I have deployed Expressway C-E (8.9) with CUCM 11.5. and I'm trying to register one 8841 from Internet using MRA feature and when I try to do the login process in the ip phone, appear:
"Error: Server certificate validation failed. Contact your administrator" and in the Status messages "Invalid server certificate: expe.domain.com"
Trying to find info about this problem I found
"For Mobile and Remote Access through Expressway, the Expressway server must be signed against one of these Certificate Authorities"
in this doc:
I suppose the error appear because our Internal CA is not trusted.

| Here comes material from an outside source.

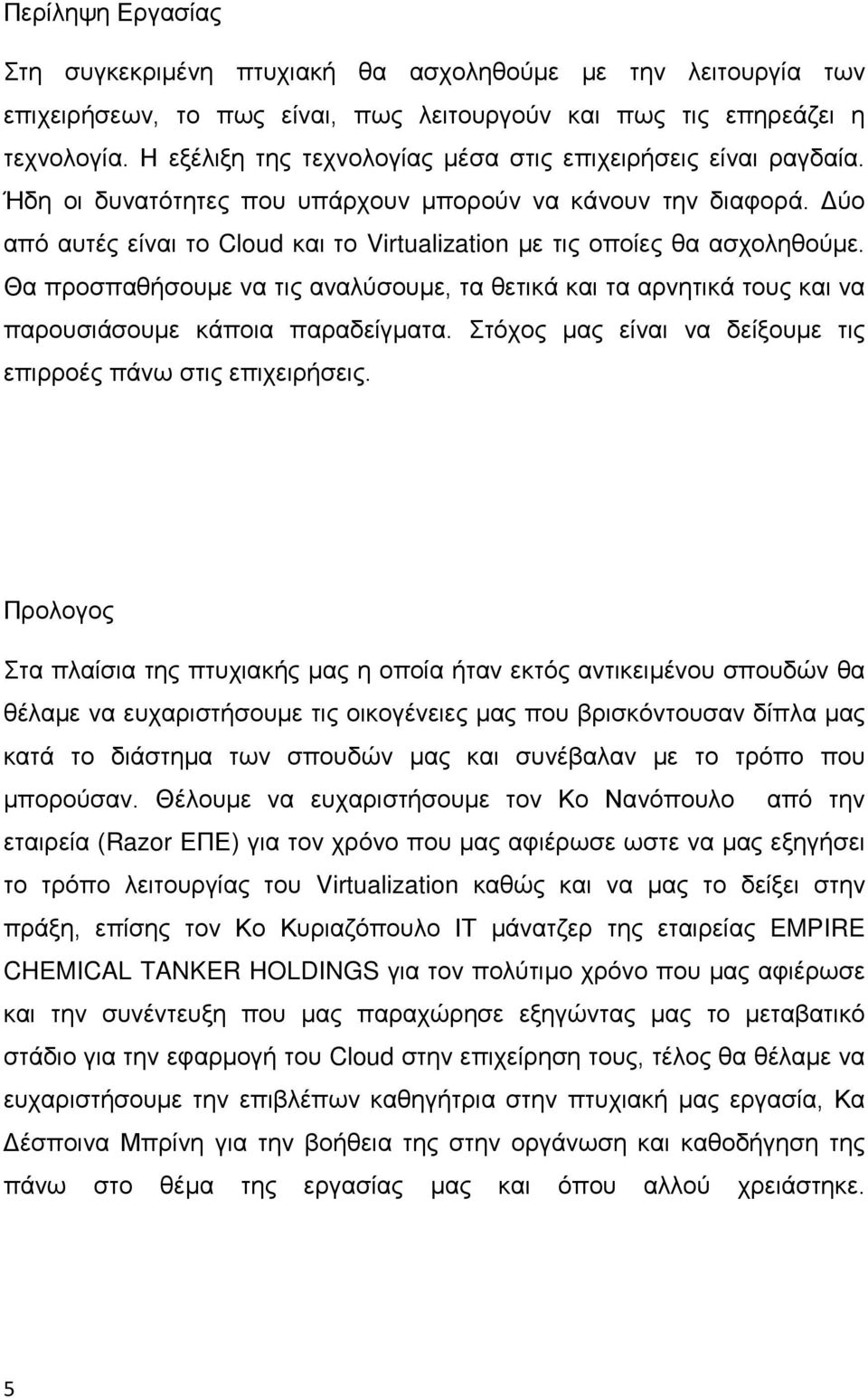 Δύο από αυτές είναι το Cloud και το Virtualization με τις οποίες θα ασχοληθούμε. Θα προσπαθήσουμε να τις αναλύσουμε, τα θετικά και τα αρνητικά τους και να παρουσιάσουμε κάποια παραδείγματα.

Any way to register a 8800/7800 Phone through MRA feature without a signed certs by this Authorities? Usually we manage Internal CAs.
Thank so much!
Solved! Go to Solution.
So I have public CA certs from DigiCert for my Exp-E, which looks to be on the approved CA list, but I'm still getting the "Server certificate validation failed". I have MRA working fine with all my Jabber clients. Trying to get an 8845 to register via MRA. Any idea's?
Have you compared the fingerprint of your cert against the one listed here?
We have the same issue, and the certificate sha1 signature matches, however the phones do not have the sha 256 signature in their trusted list. Anyone have thoughts on how to resolve this issue?
Update on my issue: fixed
TAC was able to pinpoint that it was a device that sits between the VCS-E and the Internet, interjecting our wildcard certificate instead of the correct VCS-E. In a browser he connected to the external VCS-E A record ex. "https://expresswaye.yourdomain.com:8443" and saw the incorrect Cert being presented, as well as Packet Captures confirming this.
Once we removed it worked fine. Not sure why Jabber worked and not the 8845 phone, not for me to figure out!
"You cannot modify the root CA trust list on IP Phone 7800/8800 devices. Make sure that the Expressway-E's server certificate is signed by one of the CAs that the devices trust, and that the CA is trusted by the Expressway-C and the Expressway-E. "
Does anyone know if this list of Trusted CAs (dated 2015, Firmware 11.0) has been updated and where it can be found? With the Availability of X12.5 and ACME/Let's Encrypt for MRA this is desperately needed.
were you able to answer this question or do you even tried it?
Because I have the same question now and cannot find some helpful or updated info.
Sorry @MSchwarzmann, neither was I able to get an an answer to my question nor did I test MRA with LetsEncrypt with these phones.
I'm still interested if you have new findings, though.
Jamie is correct, the cert on the Expressway-E needs to be publicly signed, your Expressway-C and CUCM, IMP, CUC can run internally signed certs.